Megalithic tomb - court tomb, Glenulra, Co. Mayo
Co. Mayo |
Megalithic Tombs
In the townland of Glenulra in County Mayo, a court tomb survives from the Neolithic period, quietly occupying ground that has been farmed, walked, and largely ignored for millennia.
Court tombs are among Ireland's oldest megalithic monuments, typically consisting of an open semicircular or oval forecourt made of upright stones, leading into one or more roofed gallery chambers where the dead were placed. They are concentrated in the north and west of Ireland, and Mayo has a particularly dense scattering of them, though many remain little visited.

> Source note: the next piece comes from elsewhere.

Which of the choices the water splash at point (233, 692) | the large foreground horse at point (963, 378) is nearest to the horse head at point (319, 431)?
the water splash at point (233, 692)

The principal scholarly record for this tomb comes from Ruaidhrí de Valera and Seán Ó Nualláin, whose Survey of the Megalithic Tombs of Ireland, Volume II, covering County Mayo, was published in Dublin in 1964. De Valera and Ó Nualláin spent years systematically cataloguing these monuments across the country, and their Mayo volume remains the foundational reference for the county's prehistoric funerary landscape. The work brought rigorous documentation to sites that had often existed only in local memory or passed unrecorded in the wider literature. Glenulra is one of many townlands in Mayo where the evidence of Neolithic burial practice persists in stone above ground, a form of monument that was already ancient when the first written records in Ireland were being made.